Authors: Klaus Masuch, Edmund Moshammer and Beatrice Pierluigi
Series: CEPS Working Document No. 421
This paper provides empirical evidence in support of the view that the quality of institutions is an important determinant of long-term growth of European countries. When also taking into account the initial level of GDP per capita and government debt, cross-country institutional differences can explain to a great extent the relative long-term GDP performance of European countries. It also shows that an initial government debt level above a threshold (e.g. 60-70%) coupled with institutional quality below the EU average tends to be associated with particularly poor long-term real growth performance. Interestingly, the detrimental effect of high debt levels on long-term growth seems cushioned by the presence of very sound institutions. This might be because good institutions help to alleviate the debt problem in various ways, e.g. by ensuring sufficient fiscal consolidation in the longer-run, allowing for better use of government expenditures and promoting sustainable growth, social fairness and more efficient tax administration. The quality of national institutions seems to enhance the long-term GDP performance across a large sample of countries, also including OECD countries outside Europe. The paper offers some evidence that, in the presence of good institutions, conditions for catching-up seem generally good also for euro-area and fixed exchange rate countries. Looking at sub-groupings, it seems that sound institutions may be particularly important for long-term growth in the countries where the exchange rate tool is no longer available (and where also sovereign debt is high), and less so in the countries with flexible exchange rate regimes. However, this result is preliminary and requires further research.
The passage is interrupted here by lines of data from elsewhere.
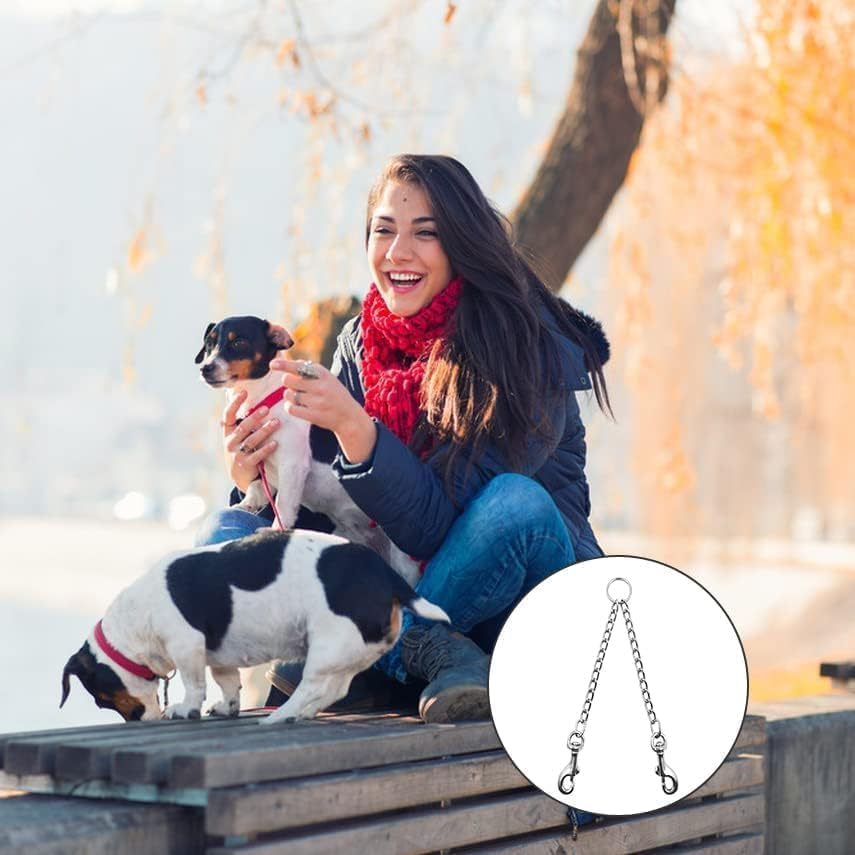 Double Dog Lead Rope,2 Pieces Metal Durable Dog Chain Chew Proof Tangle Free Dual Pet Dog Leash Extension Splitter Lead for 2 Dogs for Walking (Silvery, 2.5 * 40CM)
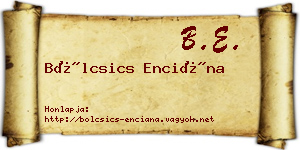 Bölcsics Enciána névjegykártya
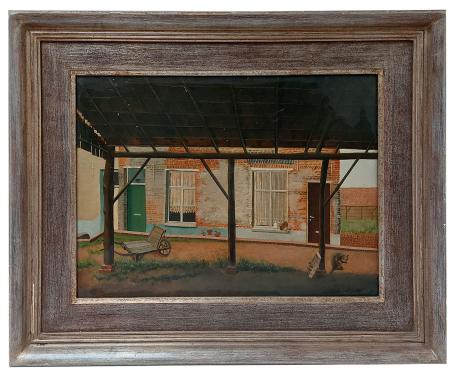 Rudi De Vos met een schilderij op bord geschilderd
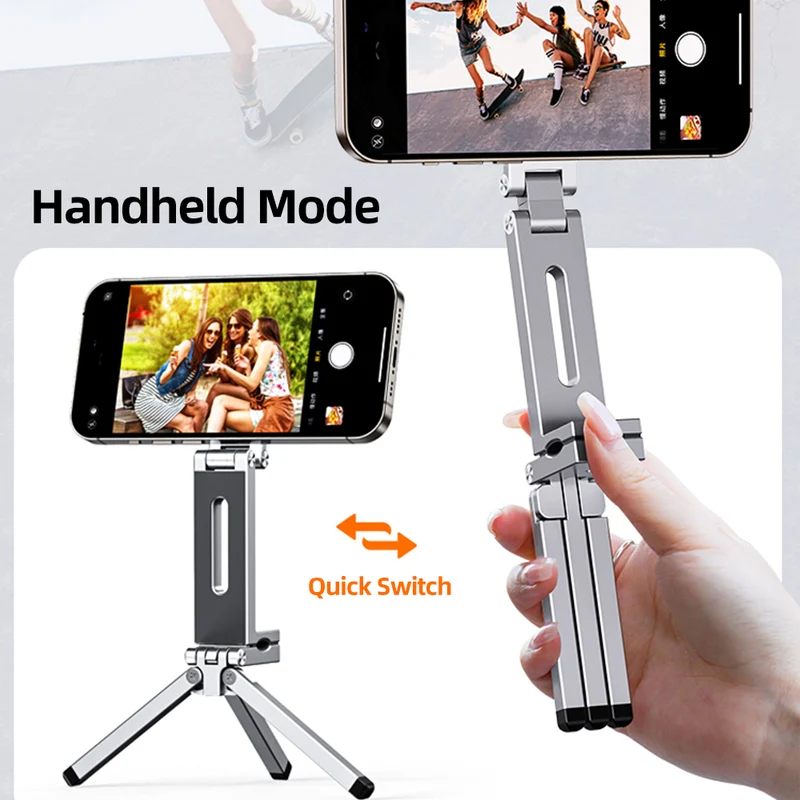 Portable Magnetic Phone Stand Tripod with Clip, Foldable MagSafe Phone Holder for iPhone & Smartphones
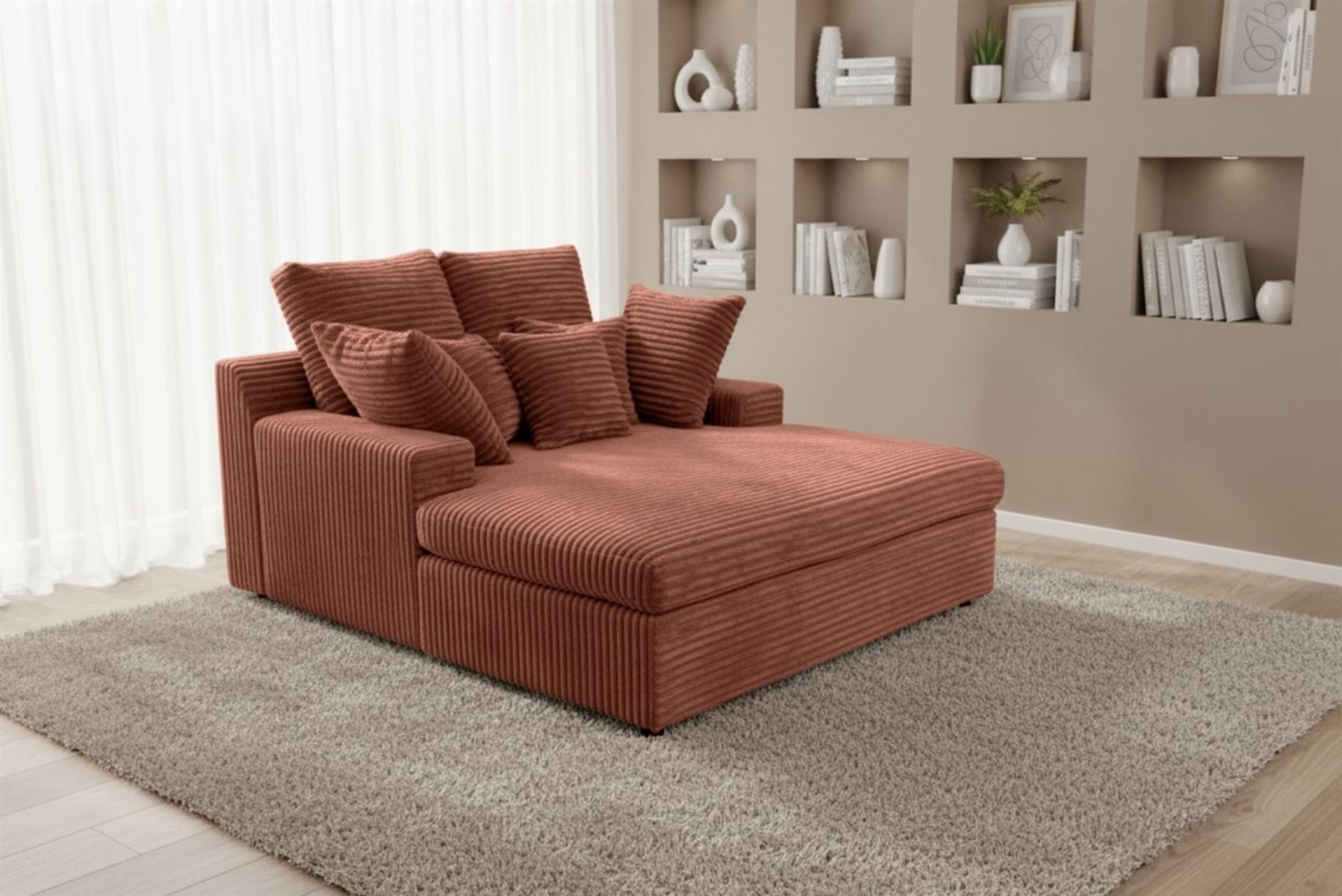 Lounge Chaiselongue AROSA Liege in Stoff Tilia Rostbraun Bild 1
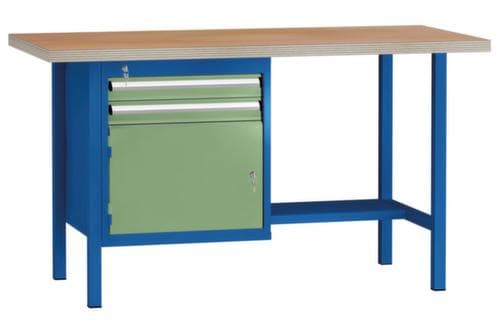 KLW Lutz Werkbank mit Multiplexplatte, 2 Schubladen, 1/2 Ablageboden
The empirical findings on the importance of institutions are robust to various measures of output growth, different measures of institutional indicators, different sample sizes, different country groupings and to the inclusion of additional control variables. Overall, the results tend to support the call for structural reforms in general and reforms enhancing the efficiency of public administration and regulation, the rule of law and the fight against rent-seeking and corruption in particular.
All three authors are at the European Central Bank in Frankfurt.